# can goats free range like chickens?



## abhaya (Nov 10, 2010)

I live in the last house on the road nooooo trafic except for the mail man and he watches for my cats and chickens. I have chickens that free range and I am thinking goats would be cool. Never had them know nothing about them. what kind of shelter do they need? Food And Water not a problem all my animals drink from a spring fed stream that I test the water is great quality. And I can rig up a feeder can they free range like chickens I have a ton of brush on the edges of my yard that I cut and cut and cut and it just grow back from what I know goats will take care of the brush. What kind of milking schedule do they need. I grew up on a dairy farm so I am no stranger to milking.

I am asking because it seems as if people around here just let them raom around. People down the road have 3 thst seem to hsve free run,


----------



## warthog (Nov 10, 2010)

I think you need to do a lot of research on this site and others before even considering goats.

Goats are wonderful animals, but if you just get goats without knowing anything at all about them, you are in for a lot of heartache for them and you.

Please do a lot of research first.

Good Luck


----------



## chandasue (Nov 10, 2010)

I'd say no, they cannot "free range". They need good fencing and shelter to protect them from predators. I've heard a couple of stories of goats getting out and being found miles away, if they're ever found at all. And I second the research aspect. Storey's Guide to Dairy Goats is a good place to start. Goats are wonderful creatures but know what you're getting into and have their housing and such in line before you bring them home.


----------



## Chirpy (Nov 10, 2010)

Welcome to BYH!  You're in the right place and asking the right questions... there's tons to know about animals before actually bringing them home and it's great that you are learning first.  It really does save you and the animal from a lot of potential heartache.

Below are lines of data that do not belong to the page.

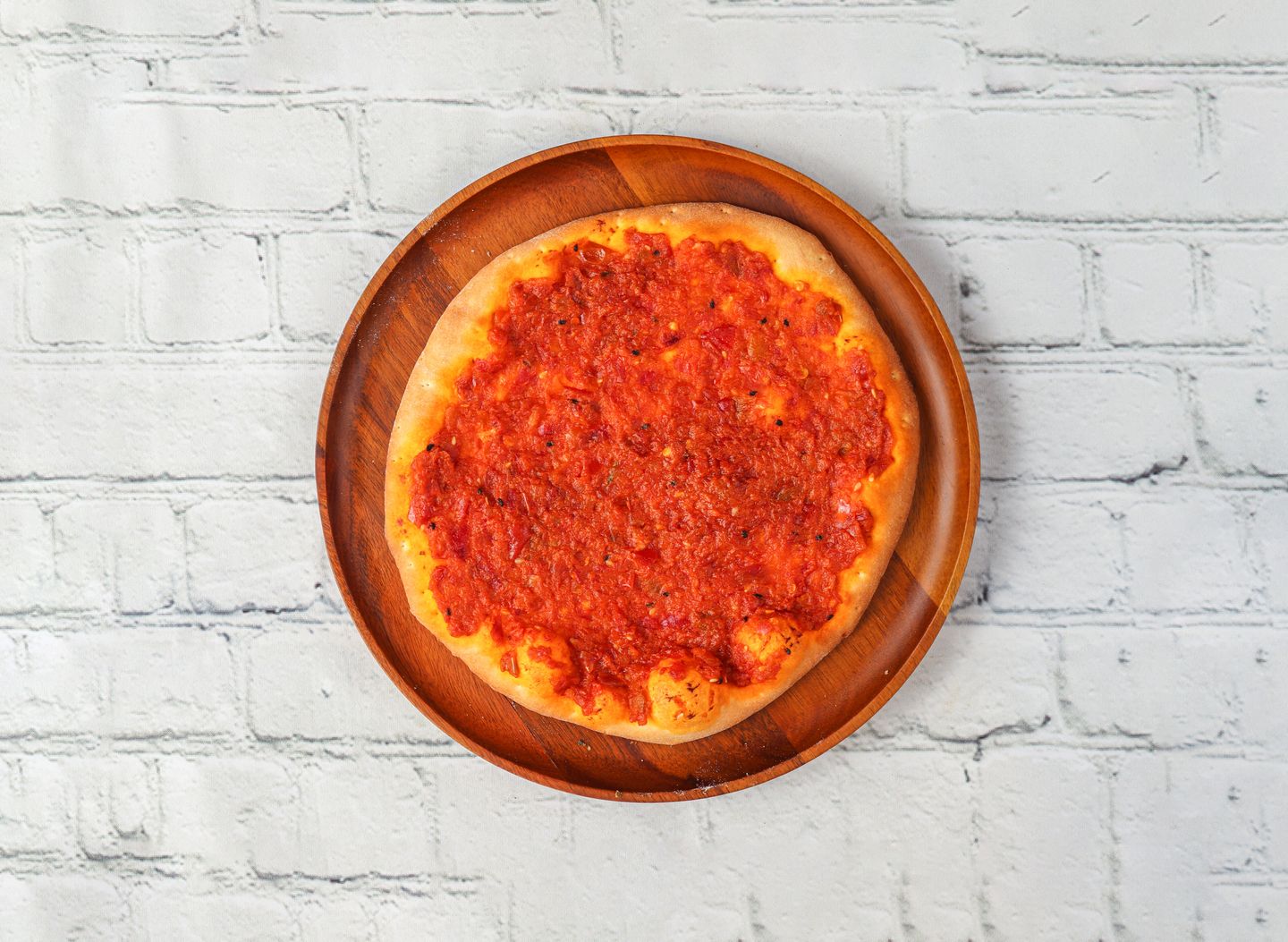 Cheese Muhammara Manakish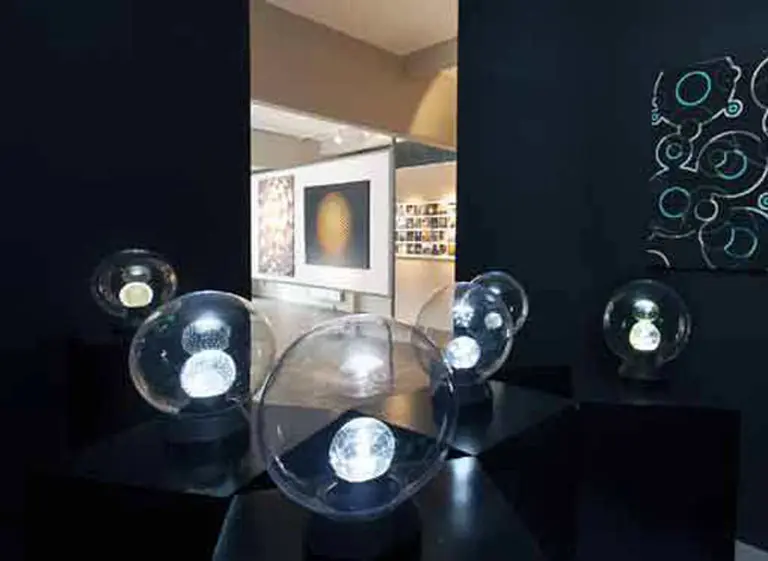 Un museo expone la obra de Eduardo Plá, precursor del arte digital argentino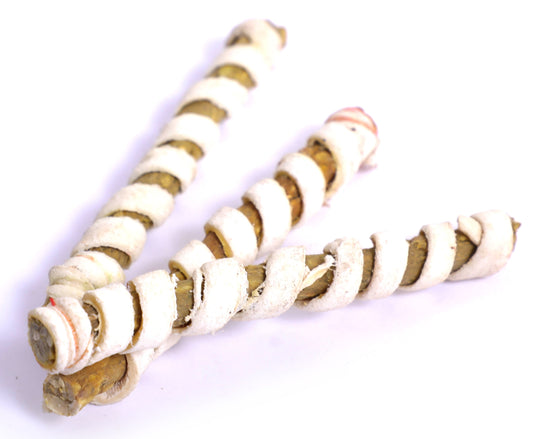 Kennel Spring Munches | Natural Rawhide & Munchy Twist Sticks for Dogs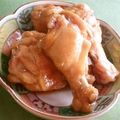 ｅｋ４'s cooksnap of when they made 手羽元の甘辛こってり煮♪.
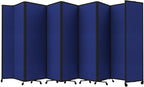 Versare Room Divider 360 Portable Wall Partition | Folding Panels | Large by VERSARE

I kind of free range my goats during the day... when I'm home and can keep an eye on them.  I check on them every little bit.  I do, however, have perimeter fencing (we have 40 acres) so they aren't actually "free".  They have access to the entire acreage.  My goats have never gotten far from the house/barn area... they've never even gone over the hill in the back pasture and out of sight.   Goats can very easily be chased, injured and killed by dogs, coyotes, etc.  They need to be protected by us.  Goats should be locked in a secure area every night to keep them safe and always in goat proof fencing if someone can't be watching them.

Goats get into everything... they can get themselves in trouble real quickly and need human intervention to prevent injury or death (strangulation, catch a leg and break it, eat something they shouldn't eat, etc.).  There's even more danger if they have horns.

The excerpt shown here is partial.